Key messages
The development of sustainability and transformation plans (STPs) is central to the NHS policy agenda, and it is expected that they will continue to play an increasingly prominent role in planning services and managing resources around places and populations.
London’s health and care system differs from systems in other parts of England because of its size, diverse population and the presence of major teaching hospitals with national and international roles.
Place-based working in London needs to reflect these distinctive characteristics as well as the organisational complexity of the NHS and the contribution of local authorities.
Many of the ambitions set out in London’s STPs are being delivered at the level of neighbourhoods and boroughs and across boroughs, building on established and developing collaborations between the NHS, local authorities and others.
STPs have a role in tackling issues that lend themselves to action across bigger geographical footprints, such as the configuration of acute and specialised services. Some issues will require collaboration between STPs and across the whole of London.

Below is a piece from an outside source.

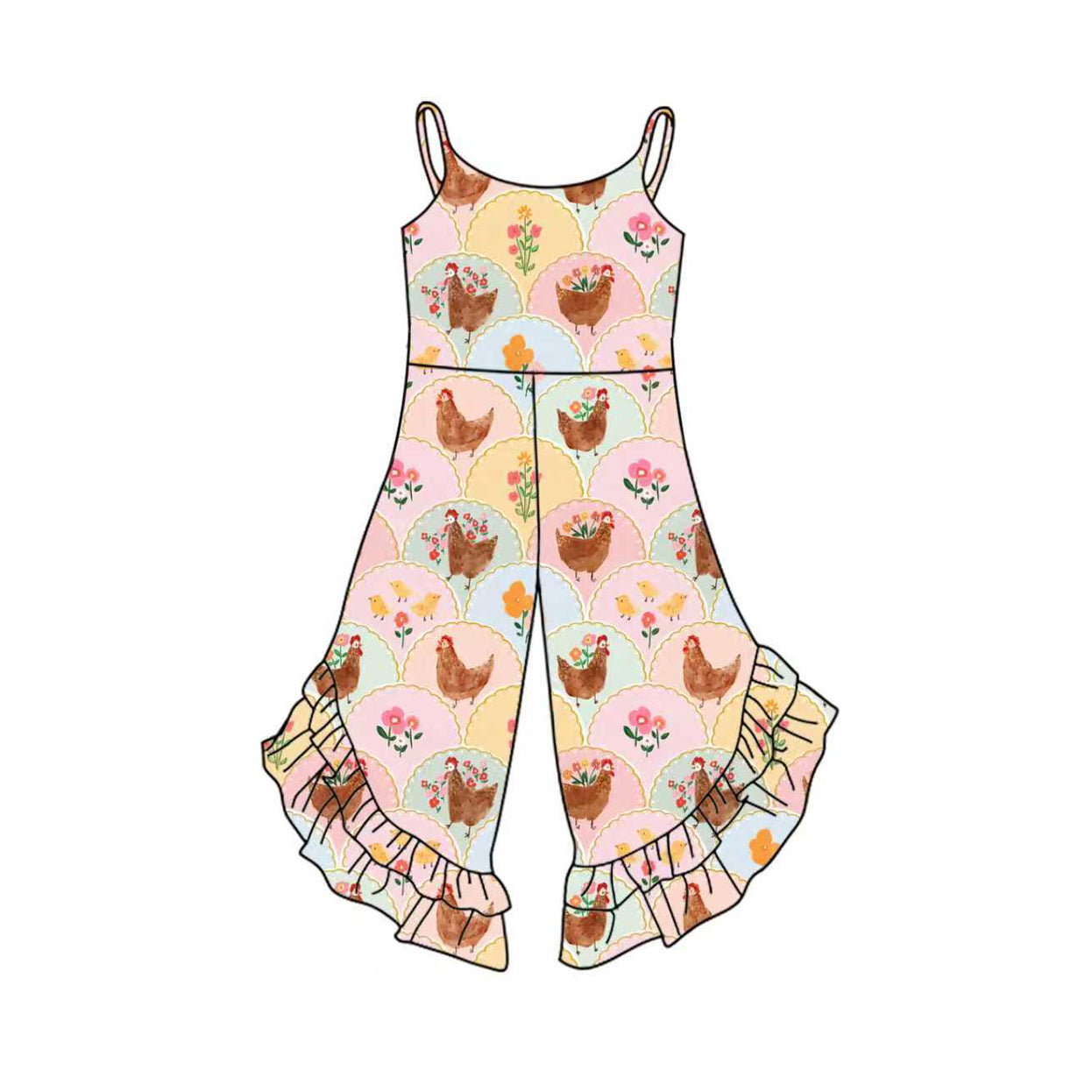 Toddle girls Chicken flowers jumpsuit preorder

London is experiencing rapid demographic growth, workforce shortages, and severely constrained NHS and local authority funding. This creates a challenging environment for STPs to operate within.
STPs in London have spent much of the past year trying to overcome the challenging process by which they were introduced. Their leaders have focused mainly on the internal workings of the partnerships, building external relationships and addressing gaps in staff and public engagement.

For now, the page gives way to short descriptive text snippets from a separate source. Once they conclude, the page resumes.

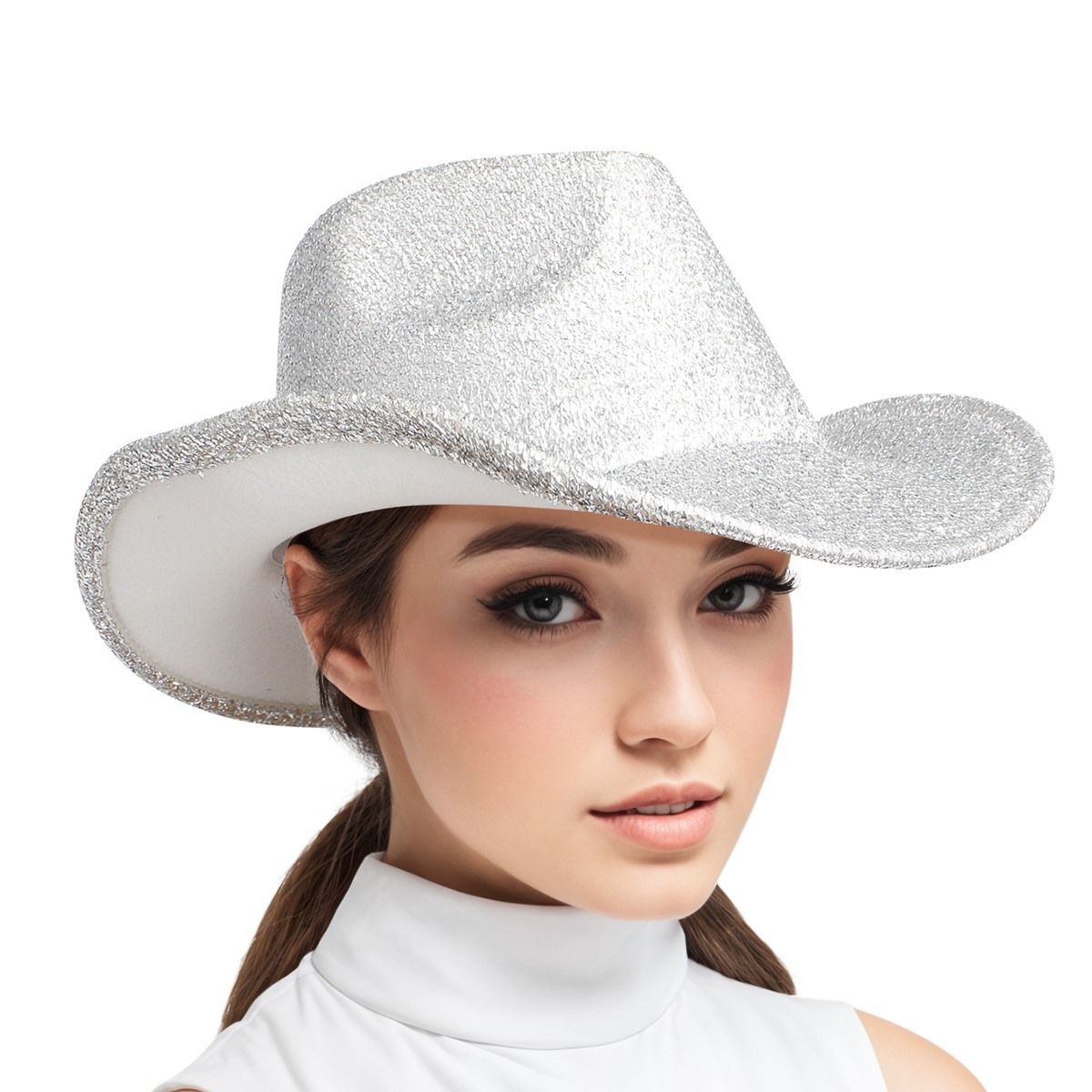 Cowboy Hat Silver Metallic Glittering Fashion Hat - Cowgirltops.com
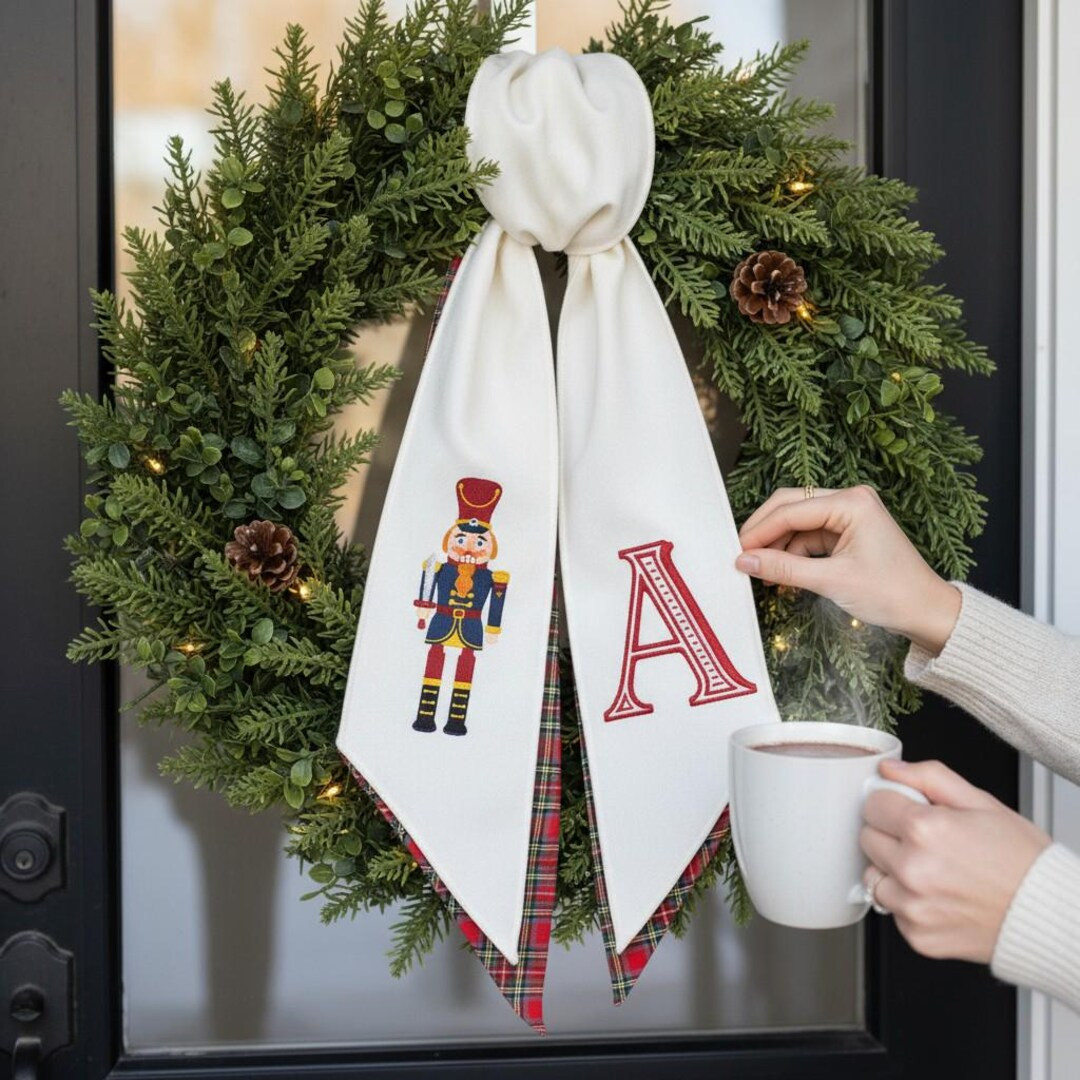 Embroidered Christmas Wreath Sash, Personalized Christmas Bow, Handmade Christmas Wreath Bow, Cus... | Etsy (US)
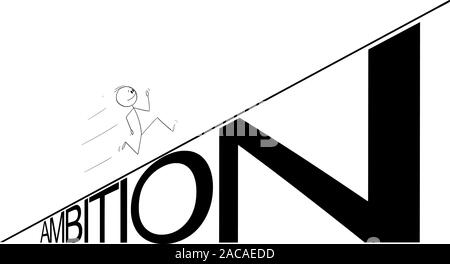 Vector cartoon stick figure drawing conceptual illustration of man or businessman running up the ambition hill. Career or business concept. Stock Vector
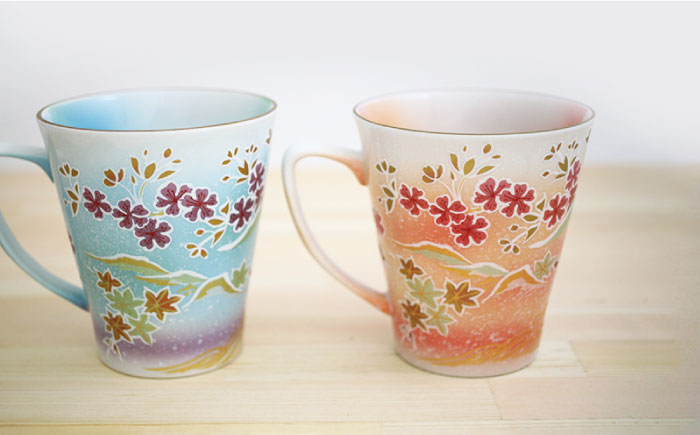 【波佐見焼】赤富士 あけぼのプレミアム マグカップ ペアセット【葉山窯】 [KF01]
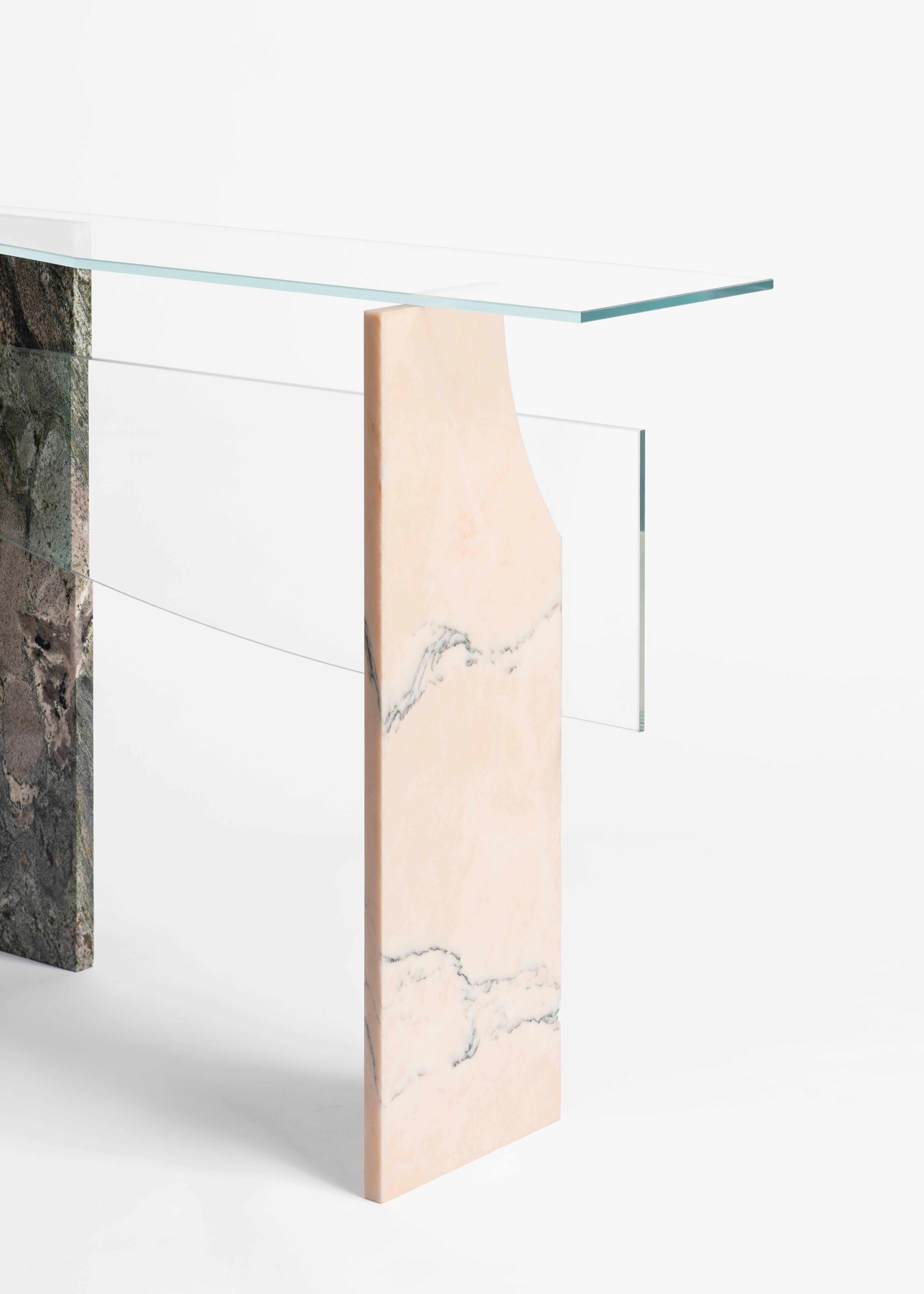 Glass Delta C Console by Frederic Saulou For Sale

Local government involvement in STPs is variable and, in a small number of places, non-existent. This reflects the difficulties STPs experienced at their outset, the concerns of some local authorities that STPs are a vehicle for cuts and privatisation, and a perception that STPs are NHS-centric.

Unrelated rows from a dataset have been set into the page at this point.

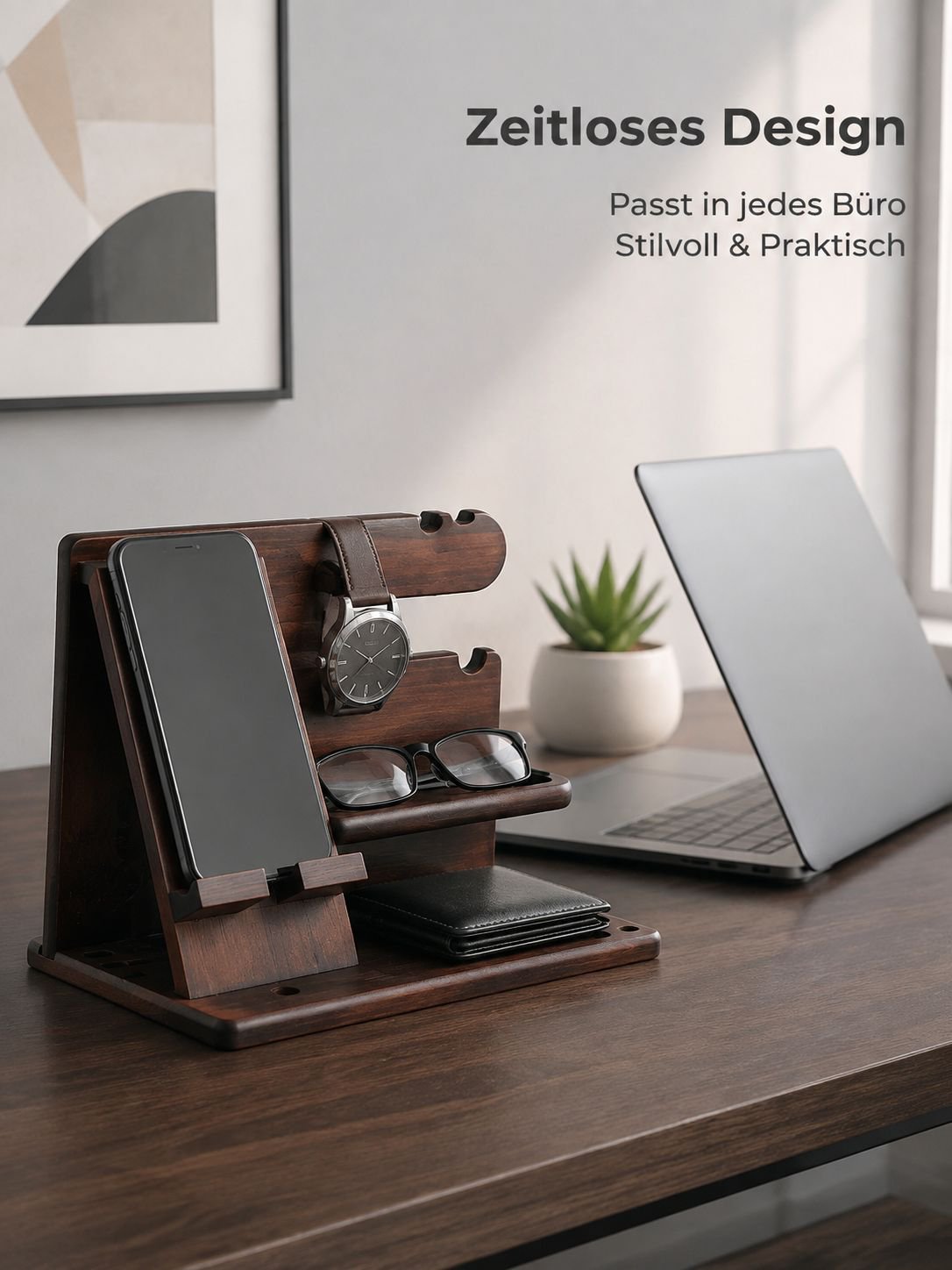 Handyhalter und Organizer aus Massivholz für Büro, Schlüssel- und Uhrenständer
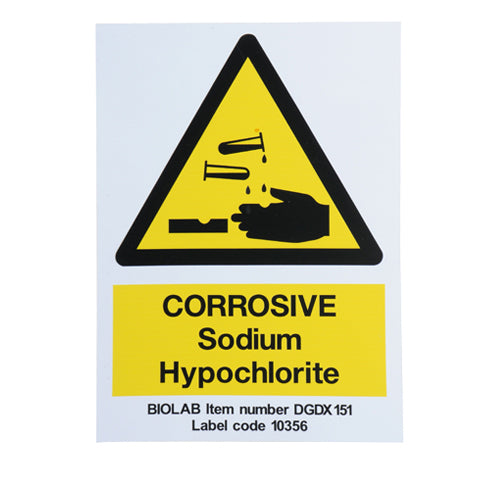 Day Tank Warning Label Sodium Hypochlorite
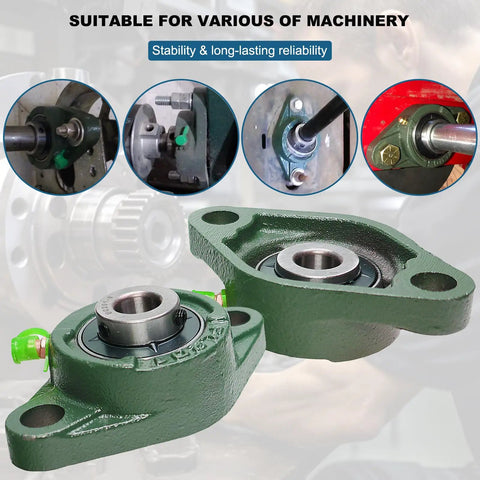 Four Pack Boxed UCFL201 Flange Mount Ball Bearing Unit Precision Engineered Dual Sealed Self Aligning Cast Iron Housing With Set Screw Lock Best For Serious Industry Work And Half Bore Needs Tough As Nails Heavy Duty Steel Gear green flange bearing units on machinery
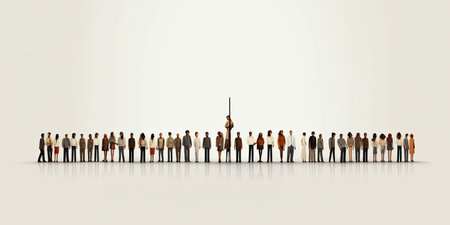 All people together in minimalistic picture Generative AIの素材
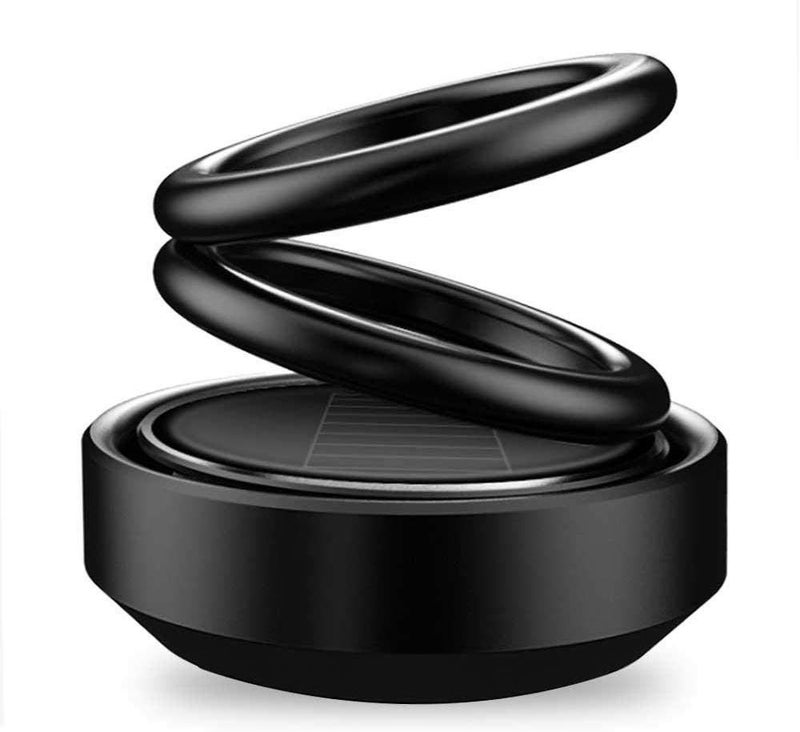 LNT Solar Perfume Double Ring Rotating Fragrance Auto Pearl-Organc Air Freshener Oil for Car (BLACK) - Image 1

The bed-modelling and financial positions that were set out in or inferred from the original plans no longer form the basis of the work being done in London, in recognition of the fact that some of these plans were unrealistic in the face of rising demand for care and anticipated population growth.
There are many examples of service changes across London, often in individual boroughs or across boroughs. STPs have helped to facilitate some of these changes.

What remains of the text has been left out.